On the other hand, our mission here at The Back Alley remains the same - to bring you the gritty, hard-hitting kind of stories that you crave. You know, the kind that make you want to shower after reading them, just to wash some of the grime and blood off your soul. You asked for it, and we're gonna keep slinging it your way!

Welcome to the first issue of the second volume of The Back Alley Webzine! We're in this for the long haul!

 

 

 

 

 

 

 

PATRICIA ABBOTT has published stories in journals such as Fourteen Hills, Inkwell, The Potomac Review and The Portland Review, along with more... um, genre-related publications as Thuglit, Demolition, Hardluck Stories, Shred of Evidence, The Spinetingler, SHOTS, The Thrilling Detective, Murdaland Mouth Full of Bullets and, now, The Back Alley. She won the 2008 Derringer Award for her story My Hero, which appeared in Muzzle Flash.

 

 

 

 

 

 

 

 

 

 

 

 

JACK BLUDIS is an accomplished author in many genres. His short story Munchies was nominated for the Shamus and Anthony Awards. His book Shadow of  the Dahlia was also nominated for the Shamus Award. His writing career has spanned four - perhaps five - decades, during which he has been published under myriad names.
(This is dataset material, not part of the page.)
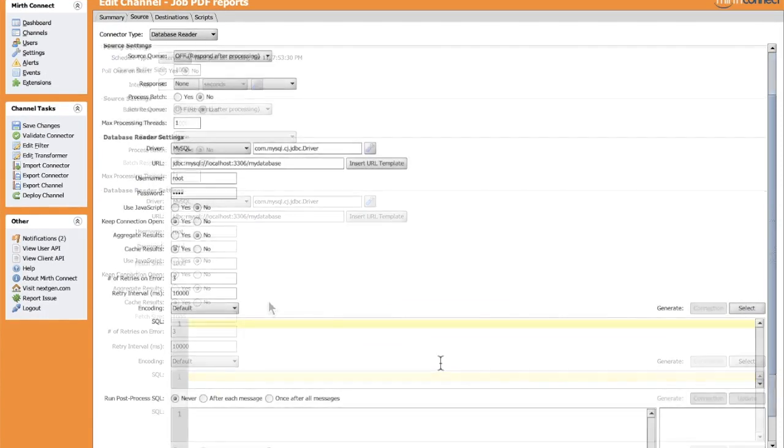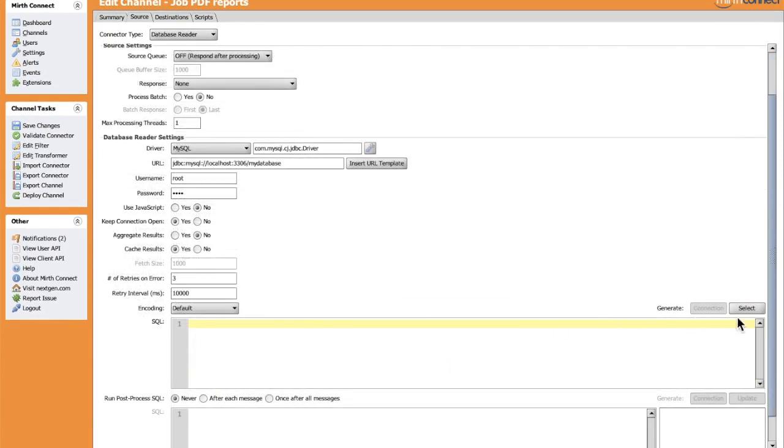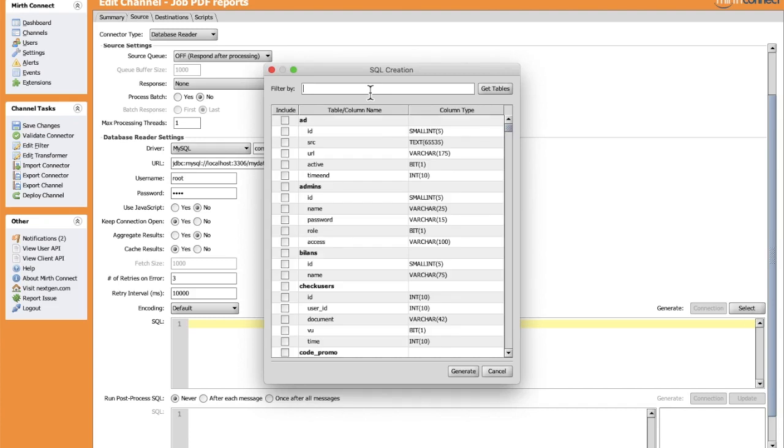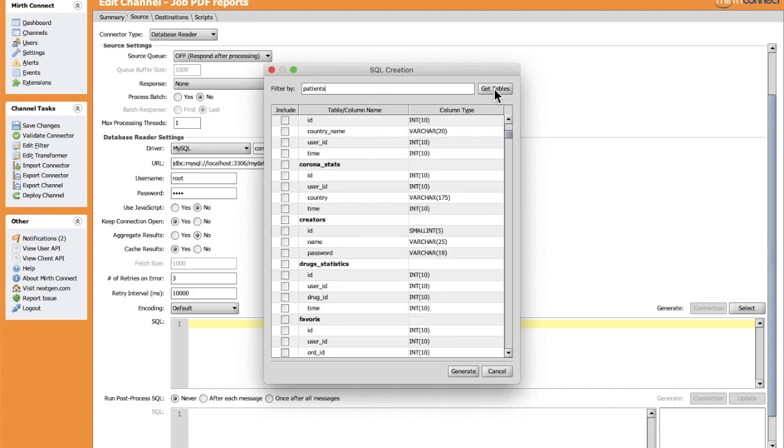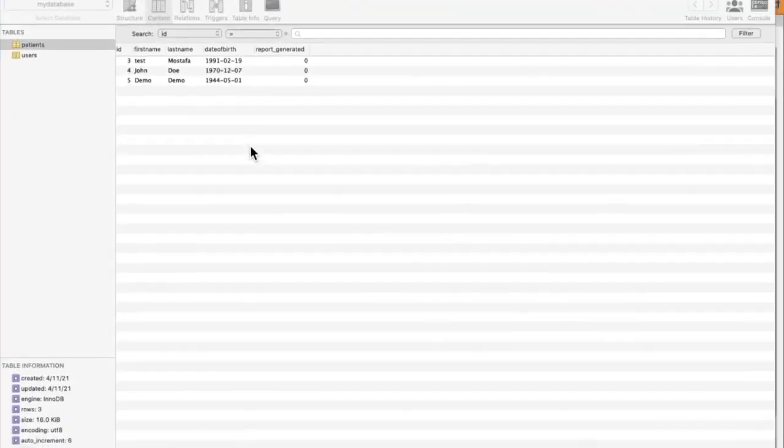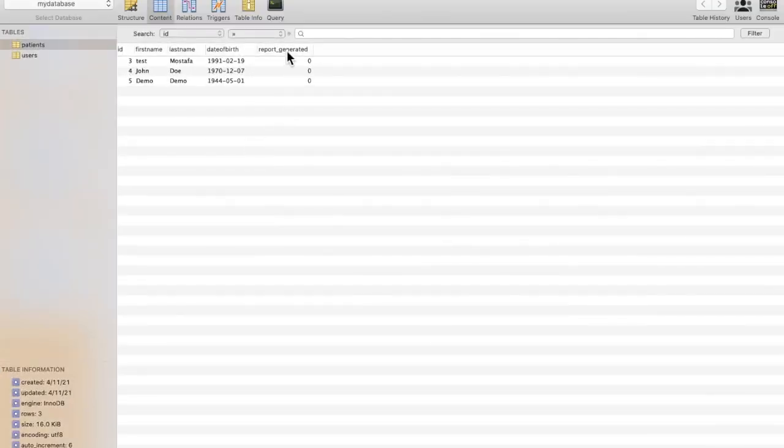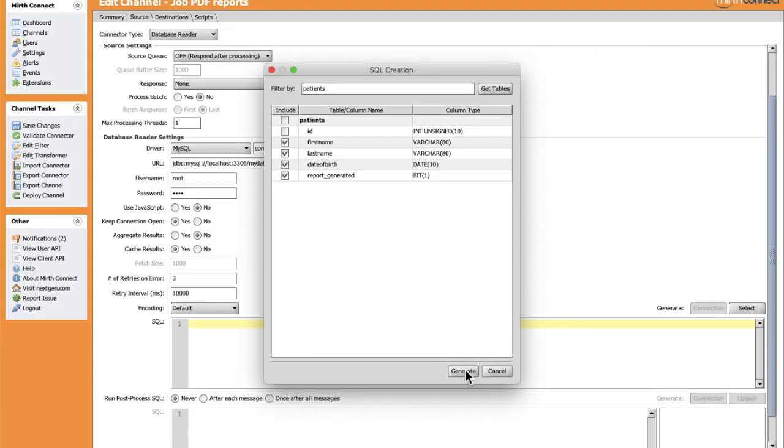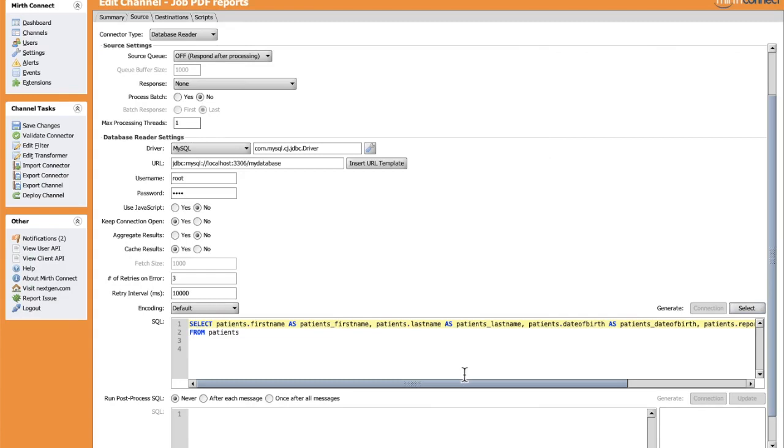In the SQL query, we will select from the table patients the fields that interest us. Let's look for the table patients. Okay, let's pick the first name, last name, date of birth. I added this column to control the data that I want to include for each job iteration. Okay, we generated the query here.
He has had stories published in anthologies such as Baltimore Noir and Down These Wicked Streets, and online at Thrilling Detective, 3rd Degree, and elsewhere. He is the author of series featuring Rick Page, Brian Kane and Ken Sligo, all set in post-WWII Los Angeles. 

 

 

 

 

 

 

 

 

 

 

 

TONY BLACK was born in Newcastle, NSW to Scottish parents in 1972. His crime novel PAYING FOR IT is to be published by Random House in the UK in 2008. Ken Bruen kindly praised the book, saying: "This is one adrenaline-pumped novel that is as moving and compassionate as it is so stylishly written".

Black currently lives and works in the Scottish capital, Edinburgh. More of his writing can be found online at: Scotsman.com, ThugLit, Pulp Pusher, Shots Magazine and Demolition.

 

 

 

 

 

 

 

 

 

 

 

 

 

 

GREG LEE does many things. But first and foremost, he has always been a writer. He started his writing career by winning the Colorado Language of Arts Award, which merited his first publication "Under the Pressure to Succeed" in the Rocky Mountain News.  Later, he published the Science Fiction short "Courage and Confidence 101" in Samsara Magazine.  This is his first hardboiled publication.
 
Greg also works as a freelance illustrator and software developer.  He lives in Colorado with his wife, and is working on his first novel.
 

 


 

 

LINEUP FOR VOLUME II, NUMBER 1

 

 

 

 

 

 

 

 

CHRIS F. HOLM  is a writer and scientist who currently manages a marine biology lab on the coast of Maine. His short fiction has appeared in Ellery Queen Mystery Magazine, and he recently completed his first novel, a supernatural thriller titled THE ANGELS' SHARE. He won the 2007 Spinetingler Award for Best Short Story for Seven Days of Rain, which appeared in Demolition Ezine.

 

 

 

FRANK NORRIS holds a very special place in the history of noir fiction. Despite his relative lack of renown today, around the turn of the twentieth century he was setting the world on fire with  his naturalistic, dark stories of doomed people. 

His greatest contribution, however, came with the first volume of his projected three-volume epic tracing the role of wheat in society, The Octopus. Sadly, his trilogy was left unfinished when he died of complications from appendix surgery in 1901.

Continuing in this issue, we present Part III of  McTeague, and attempt in each issue to include some history or critical analysis of the incredible literary work of Frank Norris.

William Dean Howells

 

 

 

 

 

W.D. HOWELLS was an American realist author and a literary critic. The author of several novels (Their Wedding Journey, 1872; A Modern Instance, 1882; The Rise of Silas Lapham, 1885 among others) Howells was a strong proponent of the rejection of the romantic literature of the middle nineteenth century, in favor of a view of life that was more realistic, harder-edged, and not always happily ended. He is quoted as saying, "We hope the time is coming when not only the artist, but the common, average man...will reject the ideal grasshopper wherever he finds it...Because it is not like a real grasshopper".